PROBLEM TO SOLVE: Reproduce, unchanged, the lines between the one holding "Balenciaga Shiny Box" and the last line of the records, including both ends, but no pictures.

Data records
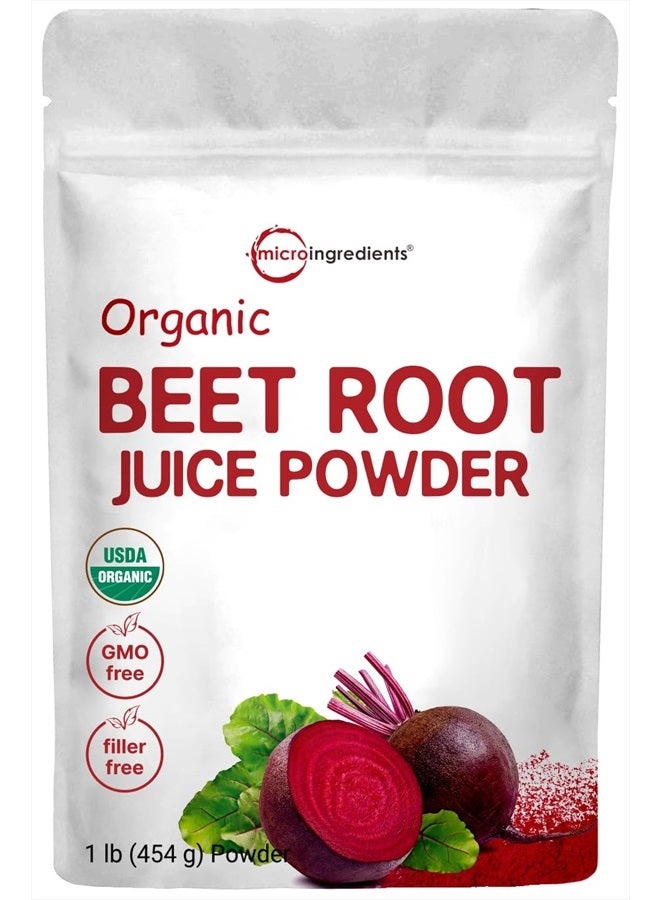 Micro Ingredients Organic Beet Root Powder, 1 Pound, Cold Pressed and Water Soluble, Beet Juice Pre-Workout Concentrated Powder, Energy & Immune System Support, Non-GMO  - Image 1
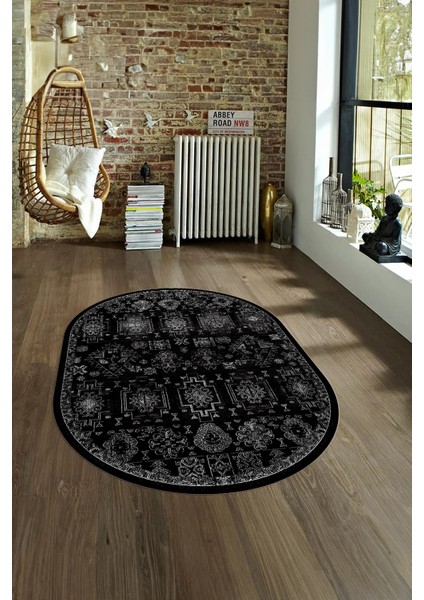 Dijital Kaymaz Yıkanabilir Modern Desen Oval Yolluk Mutfak Salon Halısı, N-O-Modern-29-Siyah, fırsatları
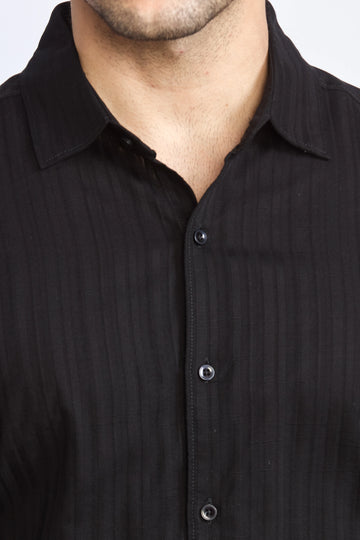 JONESBURG BLACK  SLIM FIT FORMAL SHIRT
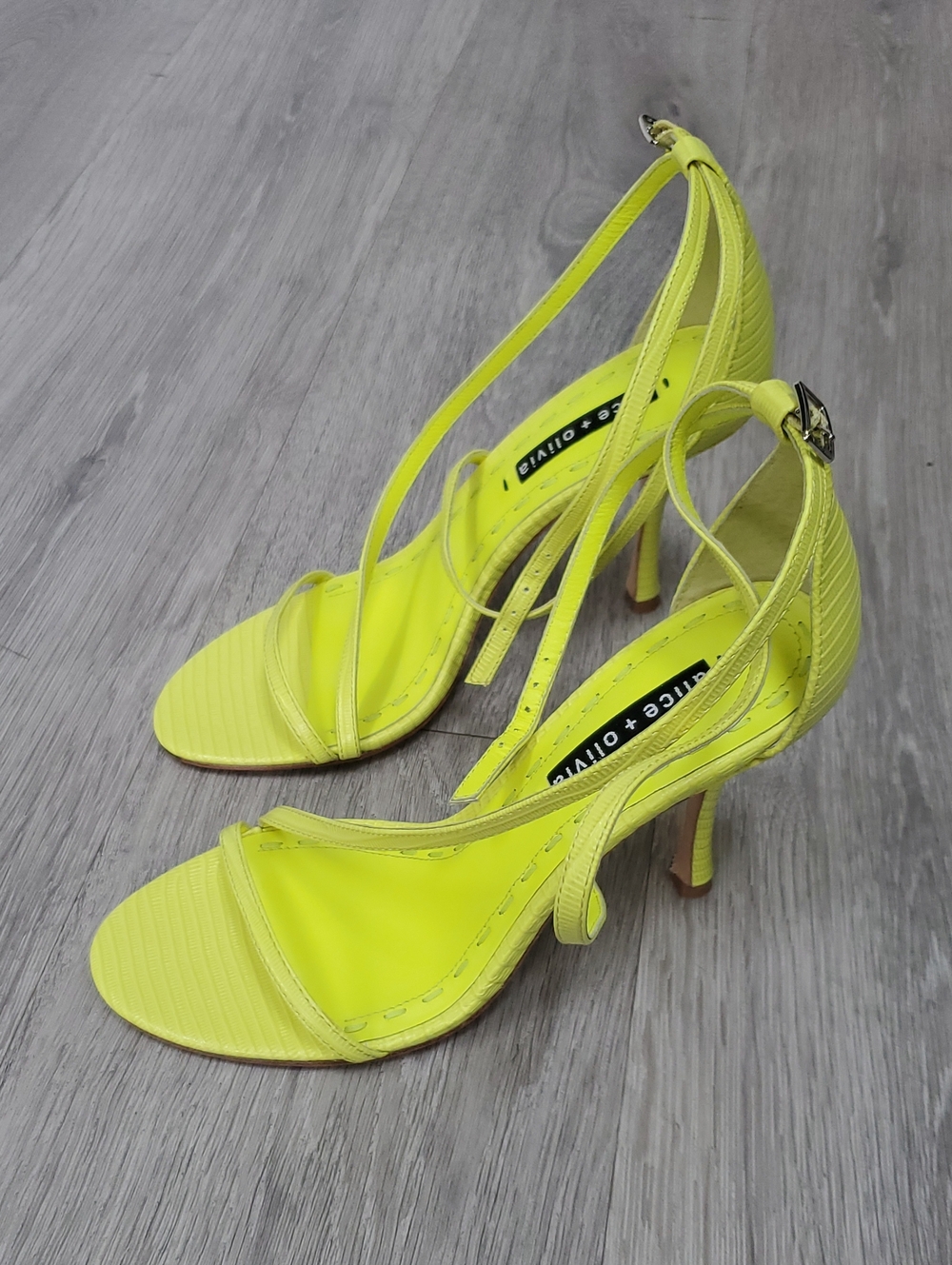 Alice Amd Olivia Bright Neon Deidra Yellow Strappy High-Heel Sandals Size 8
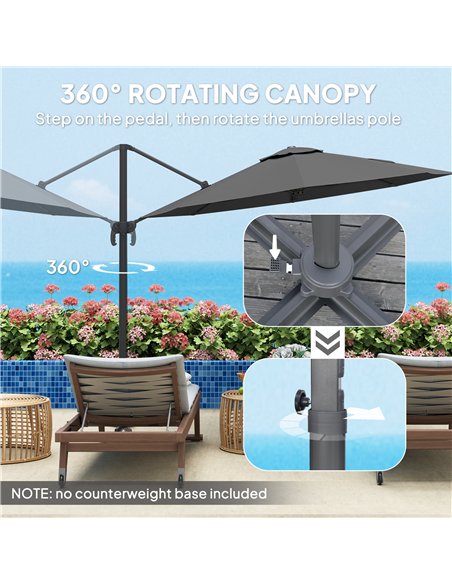 Outsunny 3 x 3m Overhanging Cantilever Parasol - Black - pic 188728 | FastDaddyshop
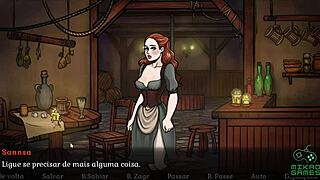 Game of Whores Ep 19: Naughty Redhead Waitress Serves Hot Action. Teens Dance Wildly.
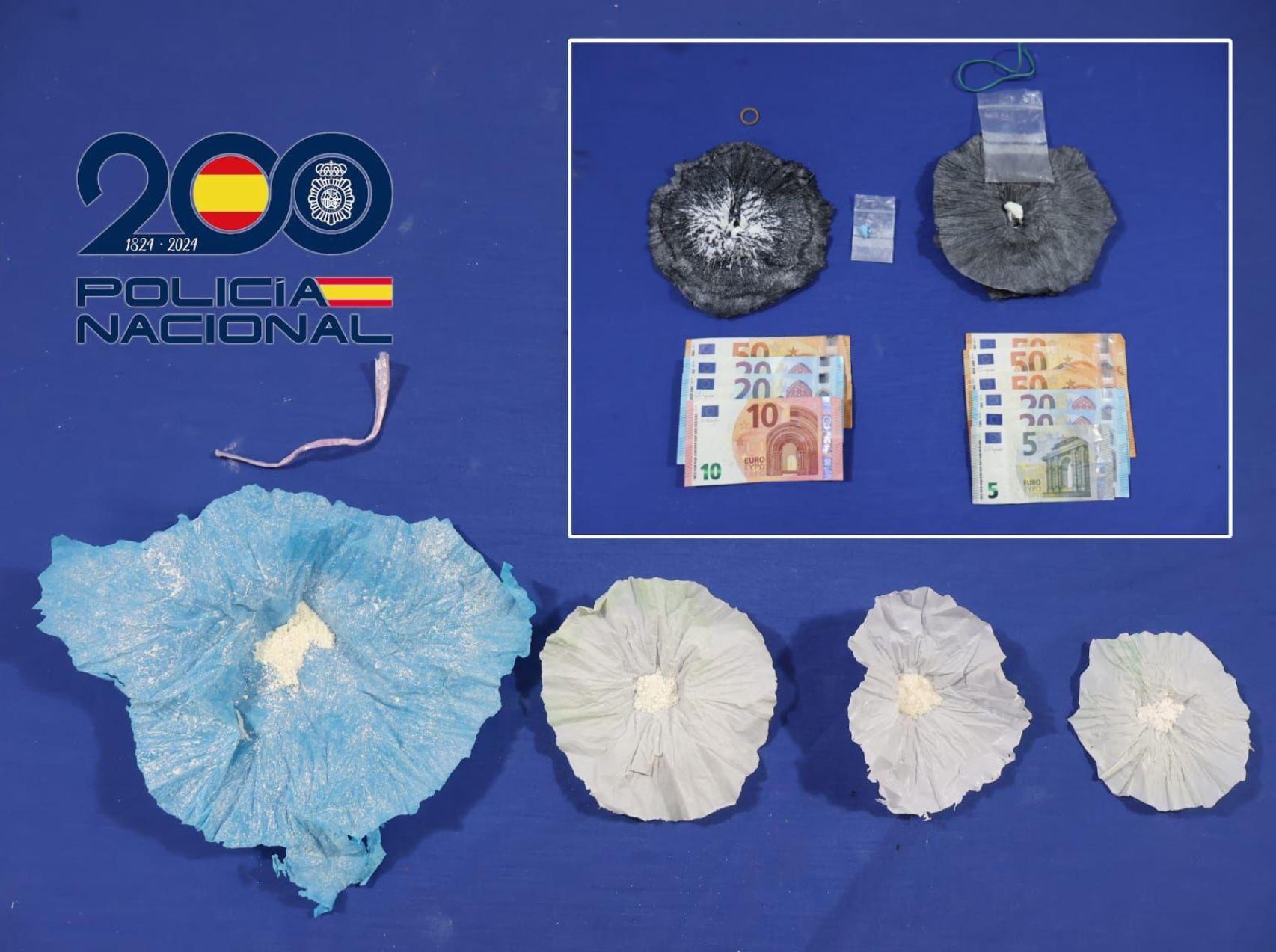 Droga y dinero incautados durante el Plan Estratégico de Respuesta Policial en Salamanca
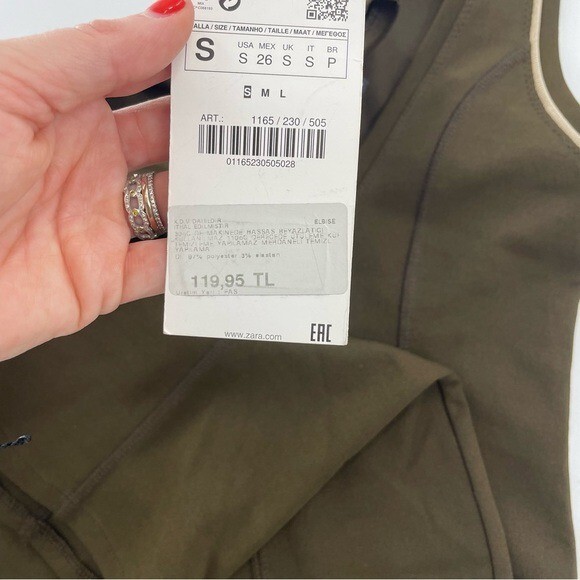 NWT ZARA Chocolate Brown Stretch Scoop Back Minimals Neutral Bodycon Midi Dress thumbnail 5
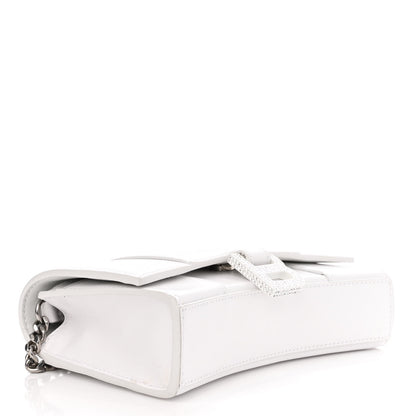 Balenciaga Shiny Box Calfskin Strass Hourglass Chain Bag White 3 of 11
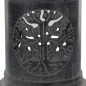 Brûle-encens photophore en stéatite ajourée Arbre de Vie, avec grille et bougie, H 10 cm, Ø 9 cm. Livré en boîte.
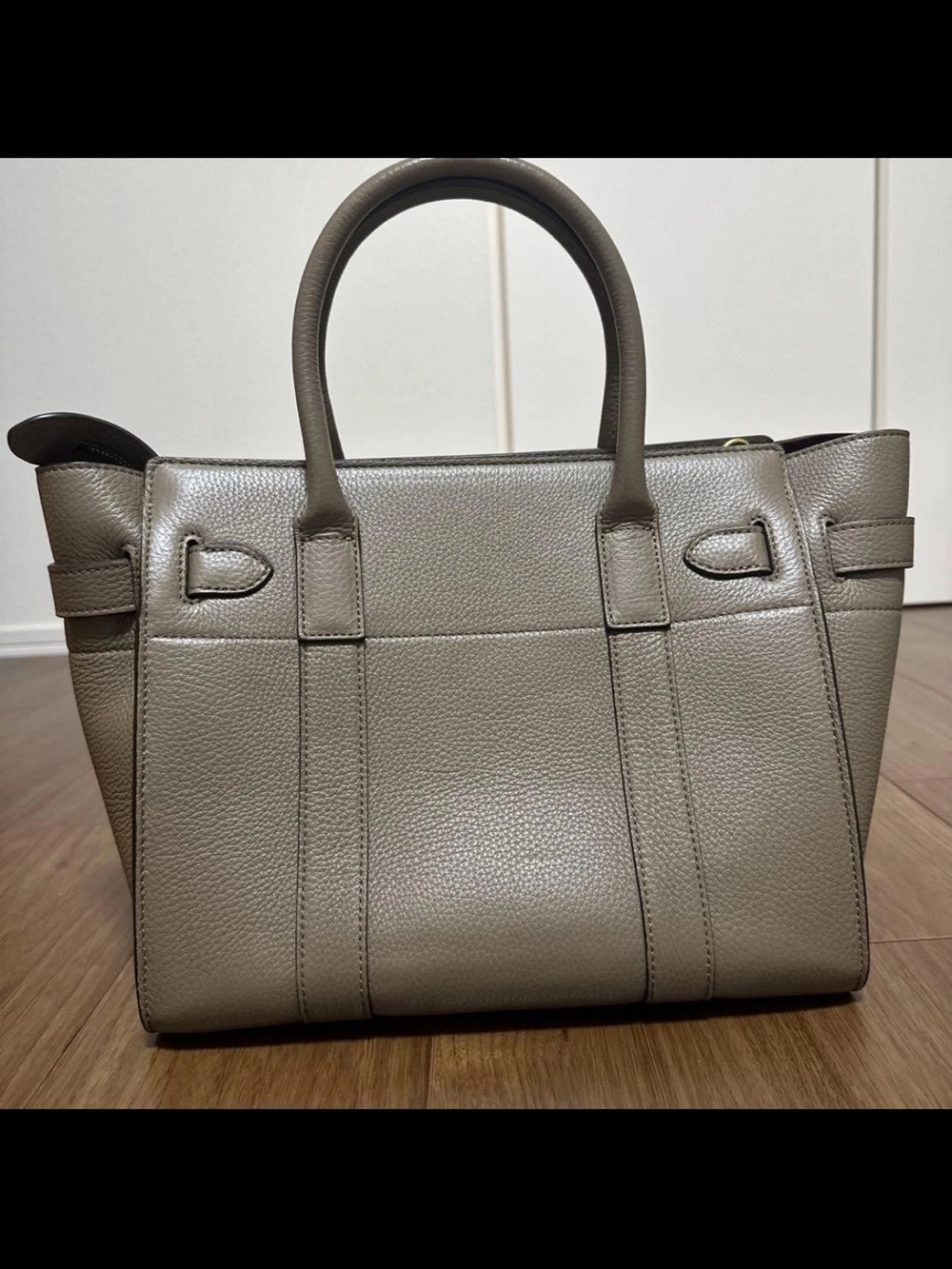 Mulberry Taupe Gray Leather Small Satchel with Gold Hardware - Picture 2 of 6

OUTPUT:
 Balenciaga Shiny Box Calfskin Strass Hourglass Chain Bag White 3 of 11
 Brûle-encens photophore en stéatite ajourée Arbre de Vie, avec grille et bougie, H 10 cm, Ø 9 cm. Livré en boîte.
 Mulberry Taupe Gray Leather Small Satchel with Gold Hardware - Picture 2 of 6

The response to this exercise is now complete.